First of all I wanted to say that I think your recent remix of GLOK is fucking brilliant!
Thank you. Andy Bell’s such a talented guy. There are so many tracks on that piece, I had to really strip it back. I then gave it a bit of a “Kraut-y” vibe. Optimo played it at a festival recently, which was really nice.
I’ve got a few new things lined-up actually. Sean P and Aiden Leacy at Backatcha have given me a load of post-punk to rework, which is a bit different to their previous releases.
I’ve bought a lot of their stuff – street soul, boogie, some lovers. I bought something the other day, it’s like an old rap track.
Squivatch?
Yeah! That’s it! I love that! Great label.
I was going to try to lead into your new comp by talking a little but about your last one, This Ain’t Chicago. One of the questions I had was about the short accompanying documentary. Were there ever any plans to expand the short into a full length film?
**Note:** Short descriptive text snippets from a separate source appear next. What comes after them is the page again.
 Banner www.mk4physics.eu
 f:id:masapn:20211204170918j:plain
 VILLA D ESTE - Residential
It was mainly Quinton from Strut who did that. He did everything. I just did a few of the interviews. I didn’t even know what was going to be in it until I saw the final cut. I didn’t know Colin Faver, for example, was in it. So I’m not sure if Quinton’s got any more footage. It was a promotional thing for the comp, but it ended up being a cool little mini documentary.
It was really cool, because a lot of the people in it never normally get to tell their story. I don’t think I’d seen anybody from Bang The Party interviewed before.
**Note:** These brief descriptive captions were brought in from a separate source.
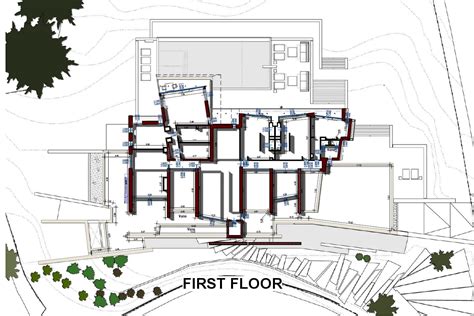 How Can We Understand More About A Bim Software For Architecture Biblus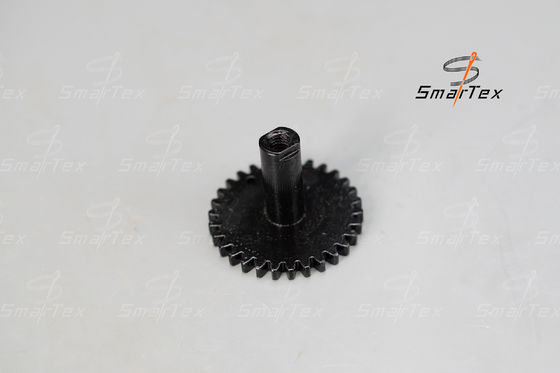 Parties détachées de filature de vortex de Murata 86C-540-006 GEAR pour MVS 861 870EX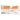 Smith & Nephew Allevyn Classic Nonadhesive without Border Foam Dressing, 4 x 4 Inch — Mfr # 66007637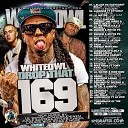 Lil Wayne - 98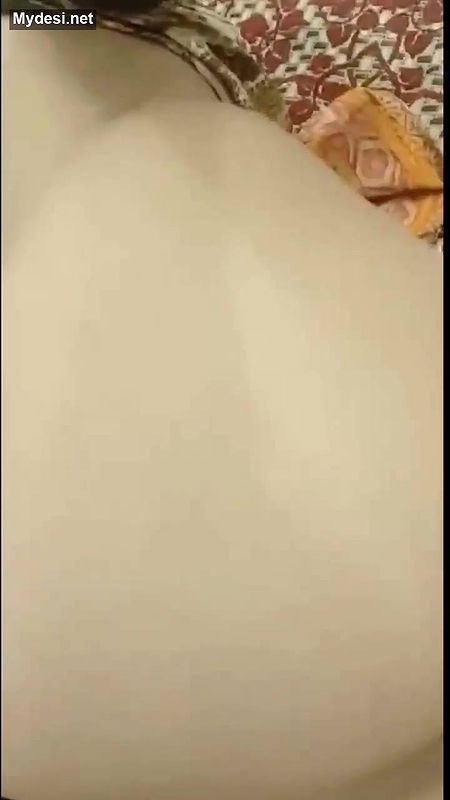 Sobia Anal And Pussy Closeup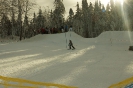 Skifreizeit 2013_47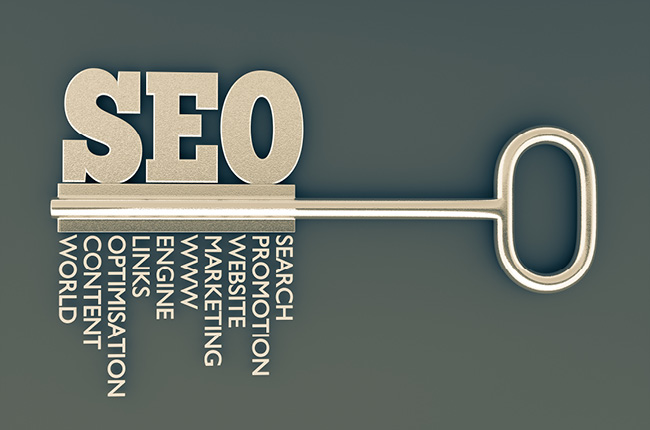 Advantages of SEO for Businesses 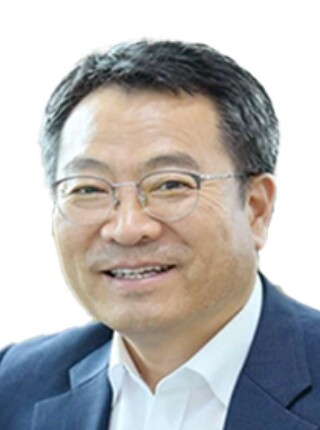 제주도의회 송창권 의원, 공항소음 피...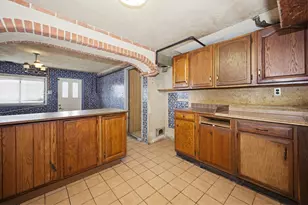 111 Almy Rd, Somerset, MA 02726 - Photo 29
That was Leslie Lawrence. That was the reason I did the comp. To shine a light on a different side of that era. I thought, “there’s some good stuff here”, but no-one really noticed it back then, and these things were part of it too.
I went to Bang The Party’s night, Confusion, a few times, and Kid Batchelor is a great DJ. He was quite eclectic. I remember he started off with The Blow Monkeys, La Passionara, and he played a Prince track, the Mark Moore and William Orbit remix of The Future.
That brings me to another question. You were a graffiti writer, and a big hip hop head. How did you get into house? What clubs, parties were you going to?
I was into hip hop until about `88. When acid house came along a few of my mates started going to the parties, but I was still quite militant – “Ah no, I hate this music. It’s boring. It all sounds the same. It’s a bit too happy.” I was into Public Enemy (laughs). So I was a bit late. I started going to The Astoria – Nicky Holloway’s club – in the late summer, toward the autumn of `88. I went to a few warehouse parties before that, like one in Lee Film Studios, and Delirium, where the Watson Brothers, Noel and Maurice, were DJing in a cage, but I hadn’t taken ecstasy, so I wasn’t fully immersed in it. It was only when I took my first pill in The Astoria that it started to make sense. I was hooked on the music and going out. Plus I’d been robbed at a Public Enemy gig. At the time there was this thing called steaming, where big groups of guys would rob people. So I got robbed, but I was also involved with lots of people doing the robbing, and it got really dark. So you had that, and then you had the acid house thing where everyone was smiling and hugging each other. It was a no brainer.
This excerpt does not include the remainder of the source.